You’ll just need one pack, but take two to be safe. They’re 4 for $5, but go ahead and leave a $20 bill on one of the checkouts on your way out – after all, it is the season of giving and your generosity will pay off in spades in just a little while.
Once at Aunt Judy’s, grab a few of her Good Housekeepings and Family Circles, set them ablaze in her candy dish on the coffee table, and voila, you’ve got the requisite open fire that goes famously with your present! Brother, you’re all set!
Good heavens! What’s this on the back of the package?
…And Aunt Judy, she’s…what is she now, 87…? 88…? Yeah, there’s no way those choppers are going to be able to negotiate these holiday treats. They’re going down her gullet whole! At least part-way!
So here’s what you do: While you and the missus are roasting them with Aunt J., send whichever of the kids took the CPR class (with the unit on the Heimlich maneuver) out of the room.

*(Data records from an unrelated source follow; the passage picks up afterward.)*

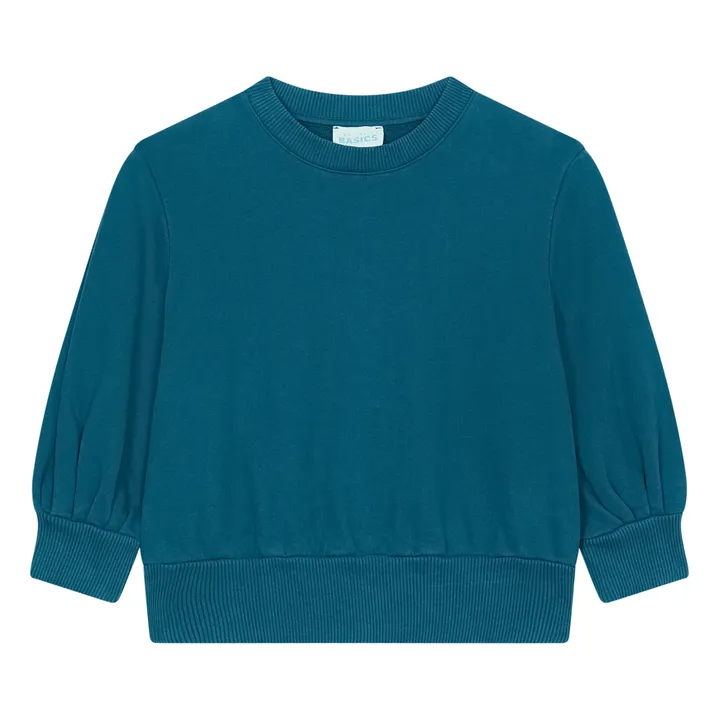 SMALLABLE BASICS Sweat Boxy Fille Molleton Bio | Vert canard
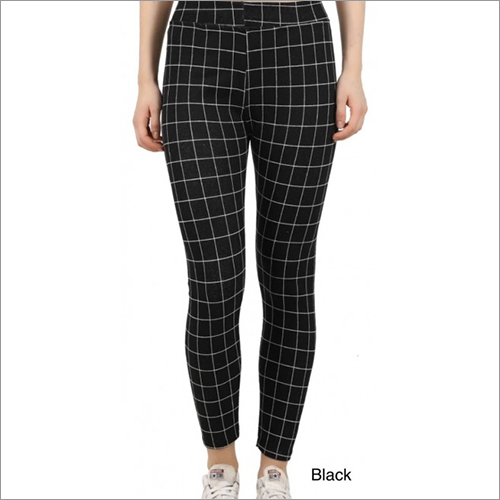 Ladies Checkered Jeggings - Cotton Blend, All Season, Black Color | Casual Dress Type, Versatile Style Addition for Any Outfit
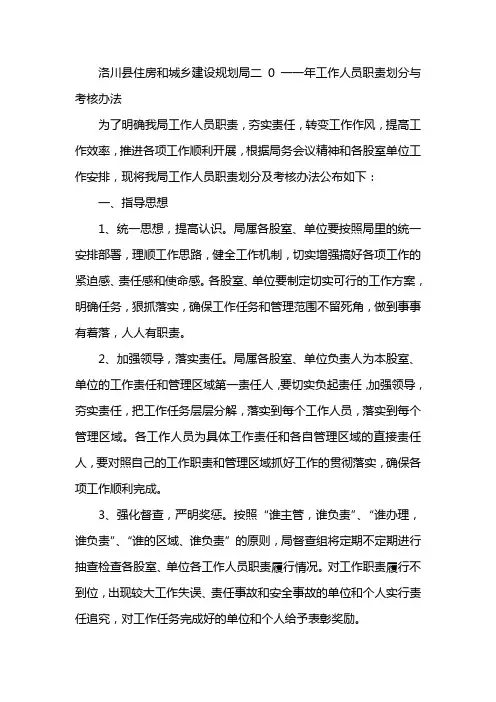 洛川县住房和城乡建设规划局二0一一年工作人员职责划分与考核办法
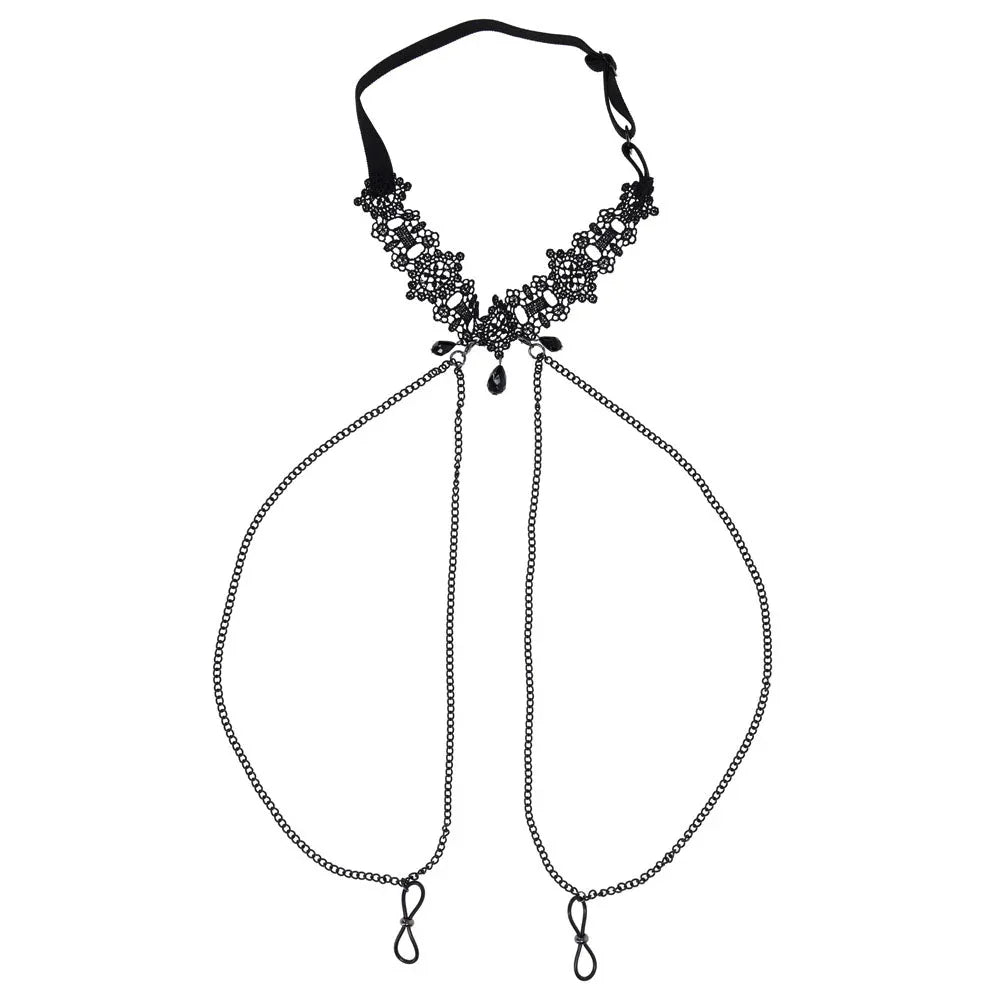 Sex & Mischief Lace Collar with Nipple Ties - Black Neck and Nipple Restraints – Sex toys NZ by Naughtyhut. Discreet delivery nationwide.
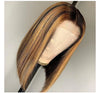 Honey Brown Piano Highlights Colored Straight Bob Lace Frontal Wig - Janine’s Boutique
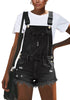 Women's Ripped Denim Bib Overall Shorts Raw Hem Shortall Jeans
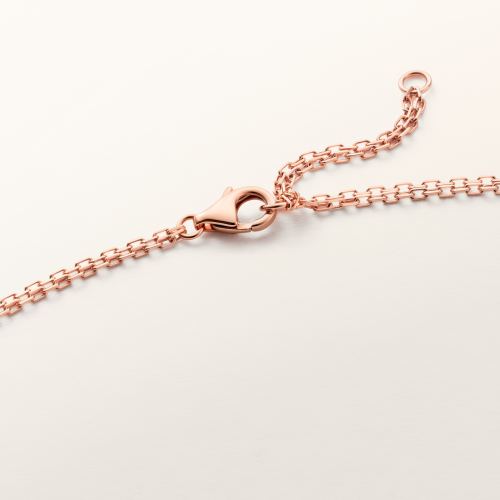 LOVE吊坠项链，镶嵌2颗粉色蓝宝石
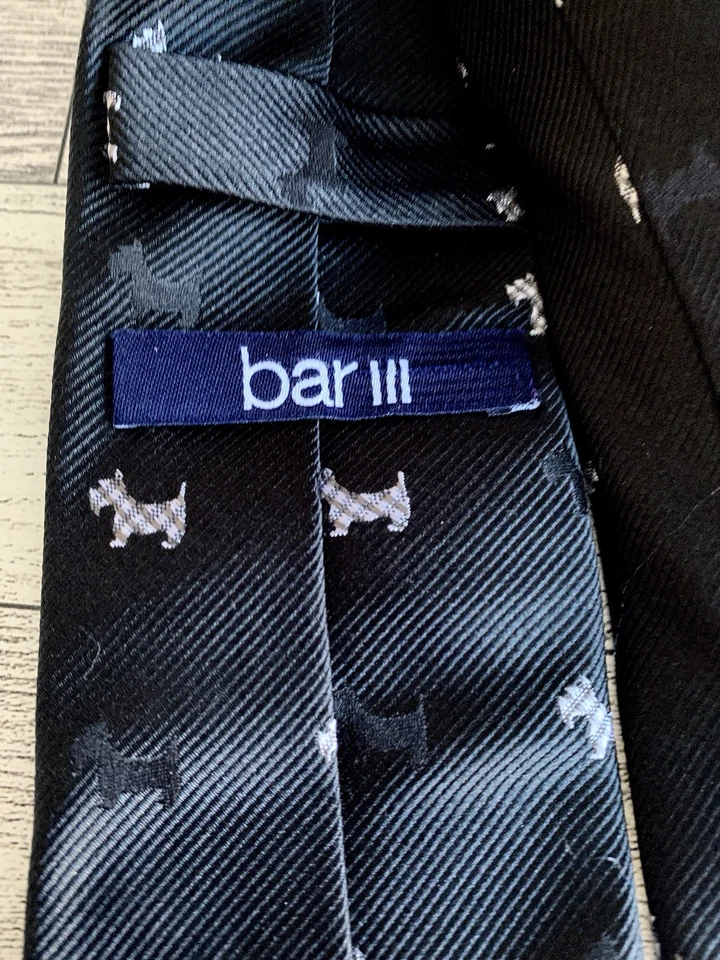 Bar III Men’s Black Designer Tie Schnauzer Dogs 100% Silk 58” Ships FAST! - Image 4 of 4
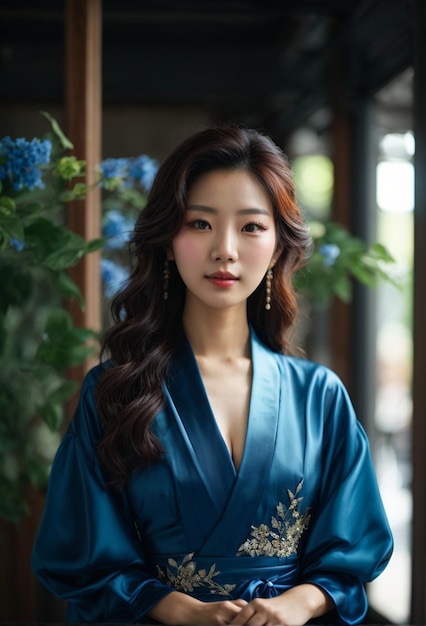 Une jeune et belle femme asiatique avec une robe bleue.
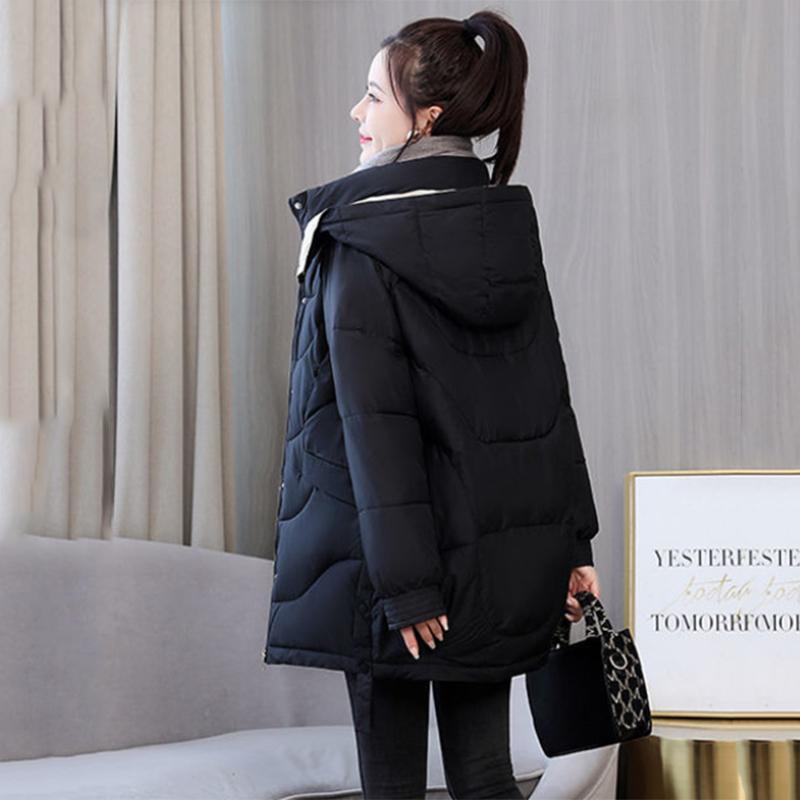 Women's Winter Korean Style Loose Quilted Jacket Women's Warm Stand-collar Down Jacket Solid Color Mid-length Down Jacket Quilted Jacket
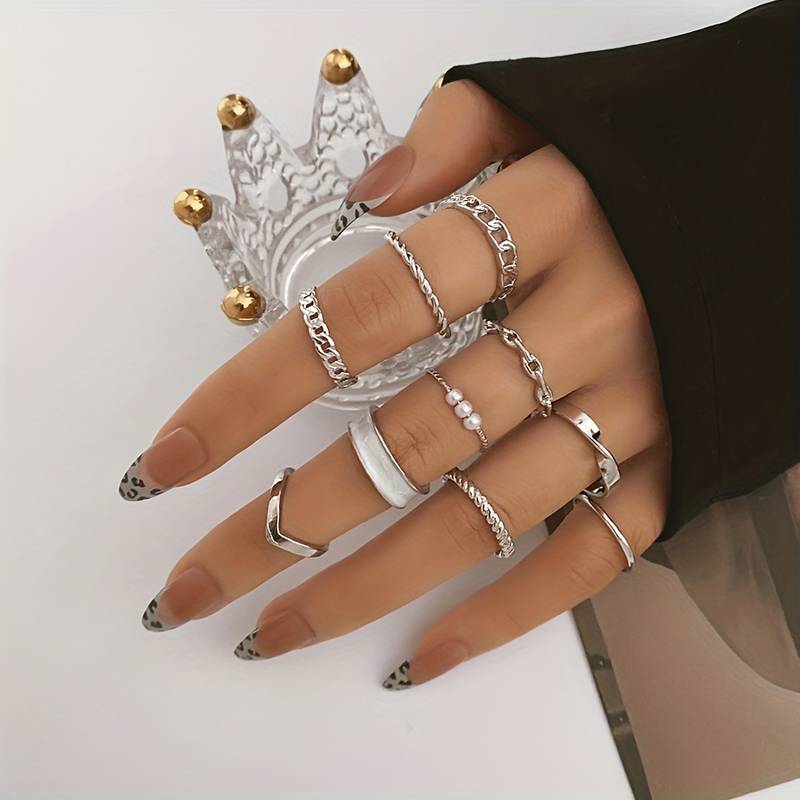10Piezas Anillos de Moda - Anillos de Mezcla y Combina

In fact, send em all – Barney & Ben, Janice & Jen – out back with a monkey wrench and have them turn off the water to the house.
This way there’s no pesky glasses of water available for a frantic attempt to clear the esophagus, no okay-everyone-let’s-get-our-story-straight (kids are terrible at this!), and best of all, no worries about the pipes freezing up over the next few months since the place will be empty at least until spring when everything goes through probate and you can unload this dilapidated dog of a charming 2 bedroom, 1-1/2 bath charming mid-century fixer-upper that smells from spoiled cottage cheese and old lady. (Or is that redundant?)
Note: Today’s entry was perhaps a bit darker than the season warrants for you see I’ve been watching a lot of “Alfred Hitchcock Presents” there on the ol’ Netflix lately. So let’s presume that after the merry little scenario described above plays out, Hitch (or in this case, me – our profiles are quite similar, especially with all this holiday binging) comes back to tie things up and announce you all got caught and went to the electric chair (including little Janice & Jen), even though we all know he’s (rather, I’m) only saying that because the network and his sponsors (or my attorney) are making him. Or me. Feel better now? Good night.
LIKE YOU, I have no ethical problem shopping at Walmart. As long as they keep me distracted by low prices, really, how am I supposed to worry about anything else?
Well, let me tell you, brother, I was jarred right back into reality- right back into reality! – the other day when I saw a display of these on an endcap (industry term):
So for five dollars American, you can get a little Walmart shopping basket filled with toy groceries. And who wouldn’t want such an item? No one, that’s who! Look at it, it’s adorable!
Sounds good, huh? You’d like one, right?
Not so fast, pal!
Here’s the thing: This particular location – West Hills Walmart, at 6433 Fallbrook Avenue – famously (or should I say infamously) has no actual, regular-sized baskets in the store! None! Zero! Not! A! One!
You get that? The actual item on which this toy is based is not available for customer use in the very store where these are sold!
If that’s not irony, well… Well, let’s just consider it irony because it’s late and I don’t have the time to look up whatever term might better describe this phenomenon. If such a term exists.
The idea behind West Hills Walmart intentionally not offering baskets is so that, presumably, customers will instead just grab a shopping cart – a vessel much larger, and in turn with a much larger capacity than a standard hand-held basket – and then they’ll fill that up with all those great Walmart values!
Which actually came in handy, because I got one of these babies for each of you.
Look under your seats!
I got one for you, and I got one for you, and for you, and for you and you and you! Yep, you got it – it’s the annual Ted’s Favorite Things post! You came to the blog on the right day, gang!